When I do an outboard pass on an individual part I bring it back in printed on a separate audio track and then I move it back in time to align with the original signal by eye, zooming in on the waveform. Then I inactivate the old track and mix from there with the new one.

When I'm trying to do real-time mixing with hardware inserts (or latency-including plugins) I load up ping regions (that I hand-drew with the pencil tool) into every audio track out past the end of the song, aligned using grid mode. Then I record those pings back in to my mixdown track (I record to disk rather than bounce to disk) and I see whether they are aligned or not (I set reverbs/delays to 100% dry for this). I time delay using the time adjuster plugin everything that comes earlier than the slowest of the pings, sometimes on the individual tracks, sometimes on busses. I sometimes need a couple layers of delays in order to align sends/returns when I have latency on the busses.

This is one reason why I generally just print back hardware passes and manually realign (the other reason is recall). And when using UAD or Duende I will try to make sure there's an equal number of those plugs everywhere so that they all have the same latencies.

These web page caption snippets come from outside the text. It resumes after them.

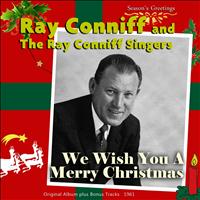 Ray Conniff and The Ray Conniff Singers - We Wish You a Merry Christmas (Original Album Plus Bonus Tracks)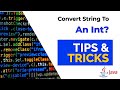 How To Convert Any String To An Int | Java Tips And Tricks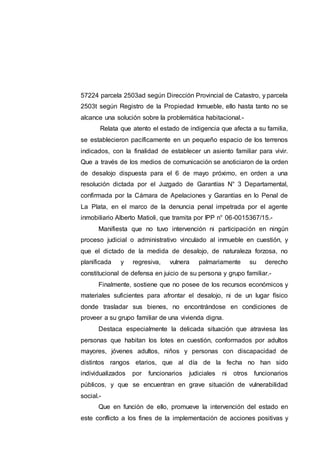 57224 parcela 2503ad según Dirección Provincial de Catastro, y parcela
2503t según Registro de la Propiedad Inmueble, ello hasta tanto no se
alcance una solución sobre la problemática habitacional.-
Relata que atento el estado de indigencia que afecta a su familia,
se establecieron pacíficamente en un pequeño espacio de los terrenos
indicados, con la finalidad de establecer un asiento familiar para vivir.
Que a través de los medios de comunicación se anoticiaron de la orden
de desalojo dispuesta para el 6 de mayo próximo, en orden a una
resolución dictada por el Juzgado de Garantías N° 3 Departamental,
confirmada por la Cámara de Apelaciones y Garantías en lo Penal de
La Plata, en el marco de la denuncia penal impetrada por el agente
inmobiliario Alberto Matioli, que tramita por IPP n° 06-0015367/15.-
Manifiesta que no tuvo intervención ni participación en ningún
proceso judicial o administrativo vinculado al inmueble en cuestión, y
que el dictado de la medida de desalojo, de naturaleza forzosa, no
planificada y regresiva, vulnera palmariamente su derecho
constitucional de defensa en juicio de su persona y grupo familiar.-
Finalmente, sostiene que no posee de los recursos económicos y
materiales suficientes para afrontar el desalojo, ni de un lugar físico
donde trasladar sus bienes, no encontrándose en condiciones de
proveer a su grupo familiar de una vivienda digna.
Destaca especialmente la delicada situación que atraviesa las
personas que habitan los lotes en cuestión, conformados por adultos
mayores, jóvenes adultos, niños y personas con discapacidad de
distintos rangos etarios, que al día de la fecha no han sido
individualizados por funcionarios judiciales ni otros funcionarios
públicos, y que se encuentran en grave situación de vulnerabilidad
social.-
Que en función de ello, promueve la intervención del estado en
este conflicto a los fines de la implementación de acciones positivas y
 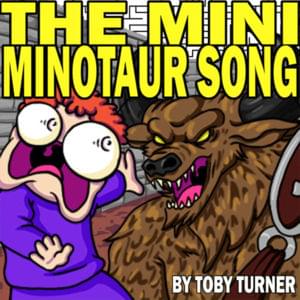 The Mini Minotaur Song - Tobuscus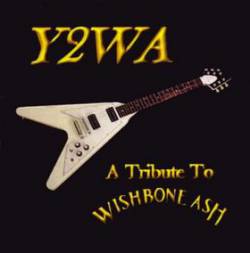 Wishbone Ash : Y2WA - A Tribute to Wishbone Ash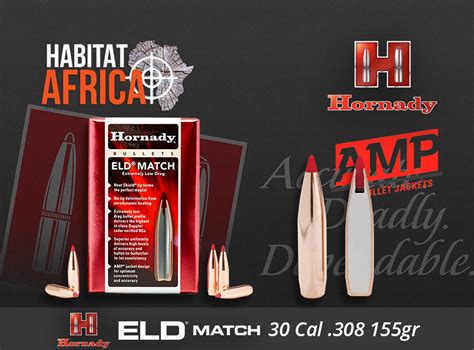 Hornady ELD Match 30 Cal 308 155gr Bullets 100pts Habitat Africa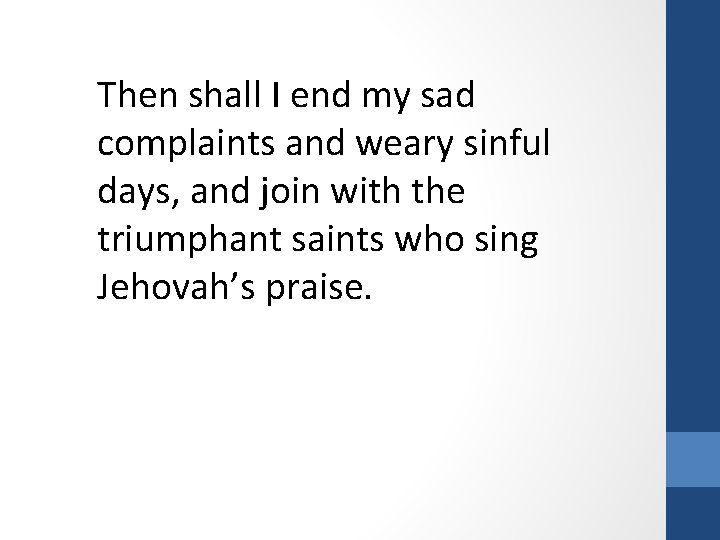 Then shall I end my sad complaints and weary sinful days, and join with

And I'll reiterate that most DAWs have this problem even if they claim automatic latency compensation, and this is the general solution. This could be automated and a few DAWs do automate via pings. I predict all will by the end of the decade but you're going to have to really bear down on the programmers for this it appears. No idea why this wasn't solved generally 10 years ago, but probably most of the DAW coders are doing electronica or something where phase is less of a problem.